Еще недавно музыка настраивалась на хорошо темперированное «Нет!». Когда ей случалось соскользнуть в позитивно-натуральный строй, «Нет!» в нее встраивали и вслушивали.

 

* * *

«Нет!» — всевозможным оковам. Но получилось что-то вроде «клин клином». Главные итоги авангардистских деструкции традиции: звук (субъект музыкального движения) превращается во «всё» (не только в шум, но в жест, картинку, запах, осязаемый предмет, виртуальный концепт); форма (система пределов, в которых движется звук) нестационарно начинается и заканчивается, все функциональные позиции в ней вариабельны. Первое можно понять как торжество личной инициативы, отрицающей любые пределы. Второе моделирует произвольное полагание пределов.

Диалектическое столкновение обеих либерально-индивидуалистических экстрем произошло в «Структурах» (1952— 1961) Пьера Булеза, «Группах» (1957) Карлхайнца Штокхаузена, «Вариантах» (1956—1957) Луиджи Ноно.

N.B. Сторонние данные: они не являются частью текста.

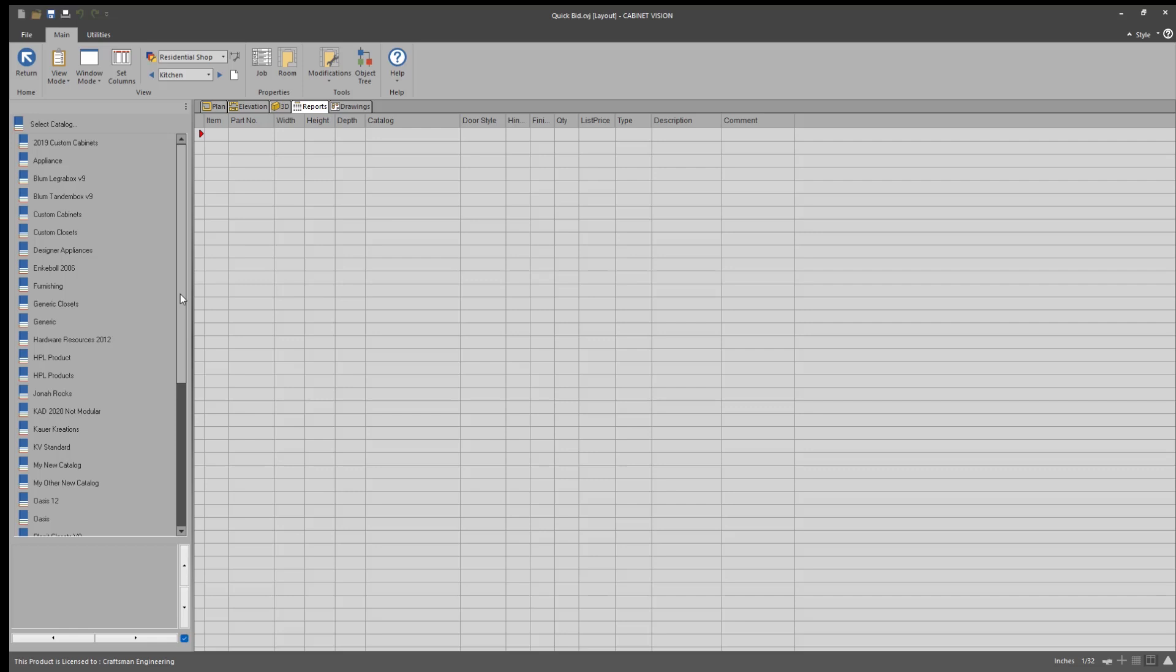What I like to do for a flush inset type, a face frame job, is I like to take those linear footages that I have and divide them by four. And the reason I do that is because I want to get a rough count of the cabinets that would be in this job. So I'm just kind of averaging out the linear footage of this job to give me a count of the numbers of cabinets.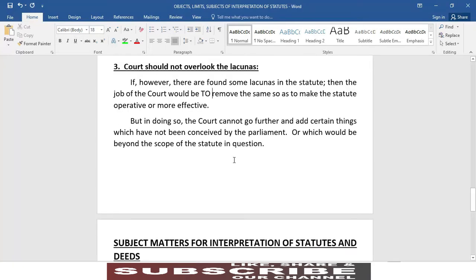Point number three: court should not overlook the lacunas. If however there are found some lacunas in the statute, then the job of the court would be to remove the same so as to make the statute operative or more effective. But in doing so, the court cannot go further and add certain things which have not been conceived by the parliament or which would be beyond the scope of the statute in question.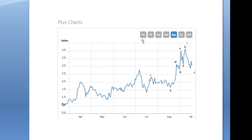Here's a chart of PIVX. I'm really going to just focus on the right-hand side for the sake of brevity on this.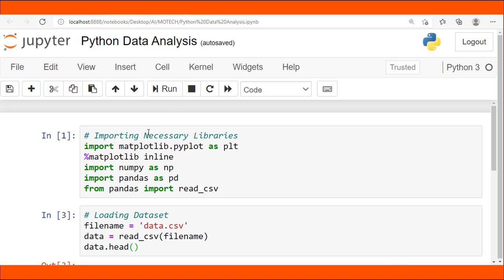We are going to cover the best way on how you can use the pivot table function for counting similar items in a DataFrame and using multi-plot matplotlib for data visualization.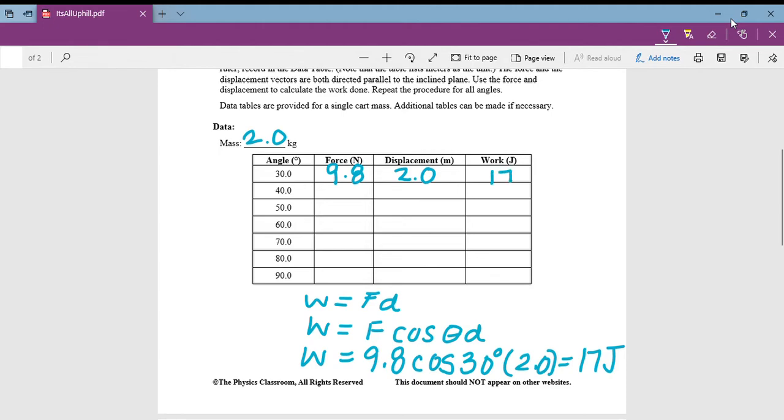And you do that for the rest of the angles. So this same formula, because you'll have the same mass, it'll be the same setup. And you'll get your data table to make your graphs.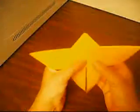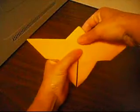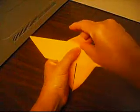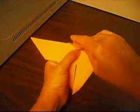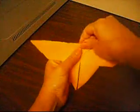Then from there, you turn it around. And then you fold it. Like this.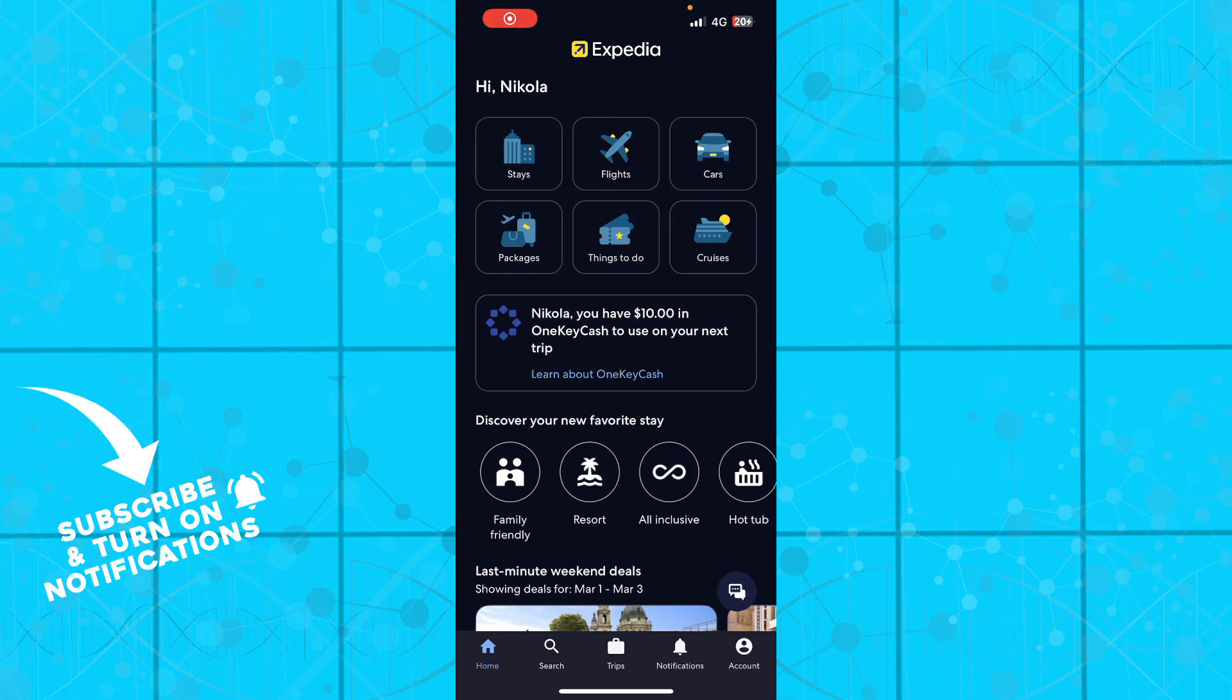Hello guys and welcome back to this channel. Today I'll be showing you how to list your property on Expedia. The first thing you need to do is go to the app store and download the Expedia application.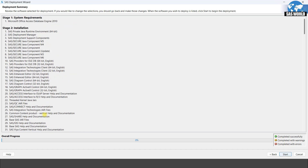Because we deselected some products, when you install, some parts will pass quickly without installing. It will show all the products, but whatever we selected previously, it will install only those products. Let's click on Start — it will start the installation.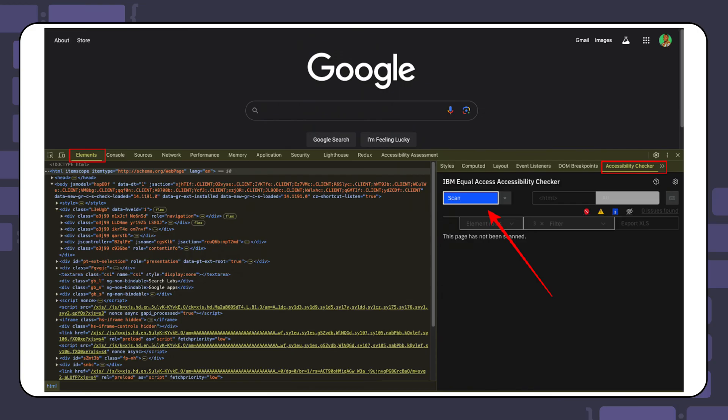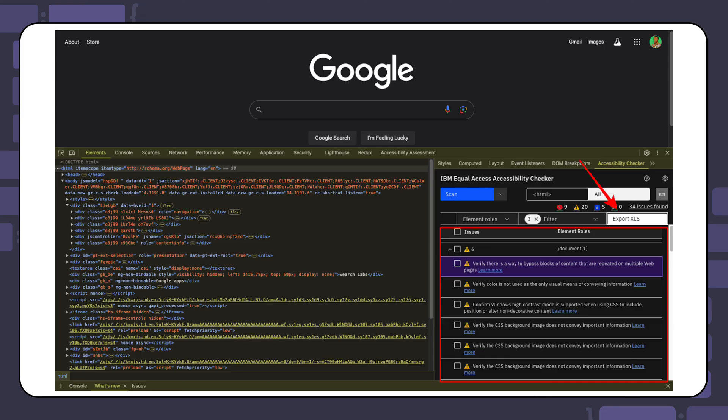The IBM Equal Accessibility Checker is another robust tool for improving digital content accessibility. With this tool, you can scan your websites for accessibility issues and generate a detailed report. You can use it as a Chrome extension or Firefox add-on. To use the IBM Accessibility Checker as a Chrome extension, download it from the Chrome Web Store, open your DevTools by pressing F12, and select the Accessibility Checker tab located in the Elements panel. Click the Scan button to start the check and a report will be generated for you. You can export the report as a spreadsheet and an HTML file by clicking the Export XLS button.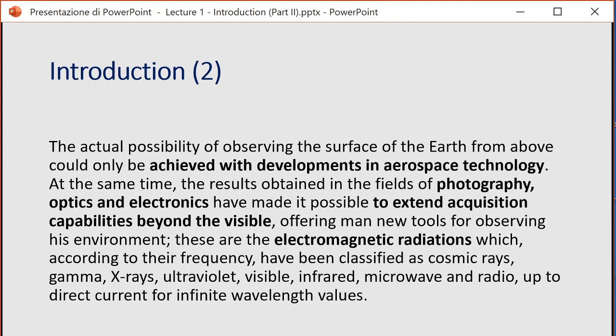The actual possibility of observing the surface of the Earth from above could only be achieved with developments in aerospace technology. At the same time, results obtained in the fields of photography, optics, and electronics made it possible to extend acquisition capability beyond the visible, offering mankind new tools for observing environments. All these data are conveyed by electromagnetic radiation, which according to frequency has been classified as cosmic rays, gamma, X-rays, ultraviolet, visible, infrared, microwave, and radio, up to direct current.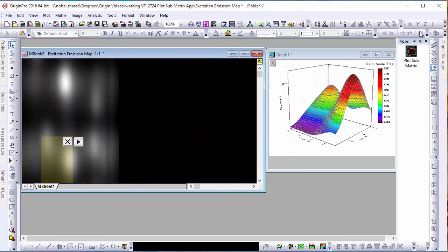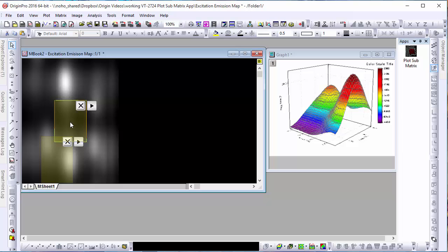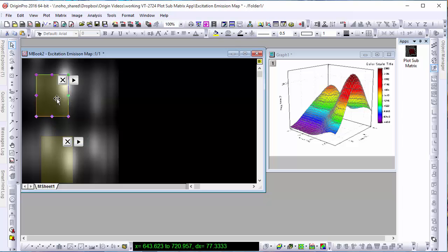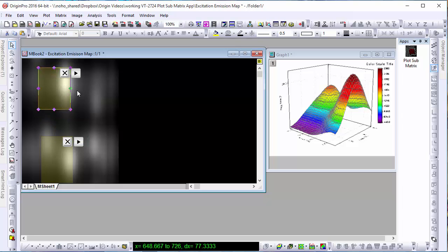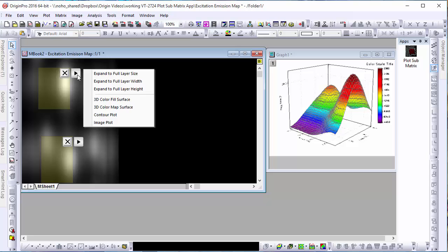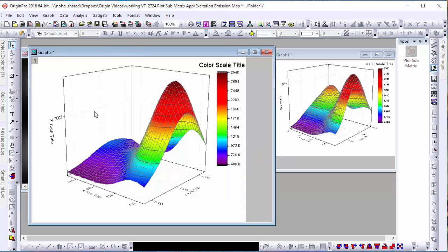If we click the tool a second time, we can generate a second region of interest, allowing us to plot and compare multiple sections of our matrix in real time.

Перечисленные сочинения — совершенные образцы всепроникающей организации, в основу которой положен чистый произвол 4. Свобода, во имя которой воздвигался огромный храм музыкальной «нет-героики», в них абсолютно и исчерпывающе осуществлена. По инерции после «Структур», «Вариантов» и «Групп» базилику свободы продолжали достраивать — добавляли лепнины на фасаде, колонн при входе, наращивали башенки. Но в несущих конструкциях для новых «Нет!» уже не было места.

 

* * *

Более того, выяснилось, что в ходе строительства в чертежи вкралась ошибка, и выстроили на самом деле большое «Да!». Получилось, как в акции Джона Кейджа для трех музыкально препарированных поездов, озаглавленной «В поисках утраченной тишины» (1979): гремя на стыках (к колесам прикреплены звукосниматели), едут три железнодорожных состава, плотно набитые пассажирами, которые, в изнеможении от производимого ими шума, неустанно поют, играют на инструментах и слушают радио. Цель, объявленная в названии проекта, фатально не совпадает с тем, во что выливается осуществление проекта. Вагоны и люди паузируют (т.е. находят тишину) в моменты остановки поездов согласно железнодорожному расписанию (т.е. как раз за пределами инициированных

композитором активных «поисков тишины»)…

«Структуры» Булеза, «Группы» Штокхаузена, как и кейджевские гремучие поезда, отправившиеся за тишиной, могут озадачивать, эпатировать, кому-то покажется даже, что грозить и пугать. Но внутренне они невозмутимы. Они ничего не отрицают. Они колоссально-утопичны, но спокойны и холодны.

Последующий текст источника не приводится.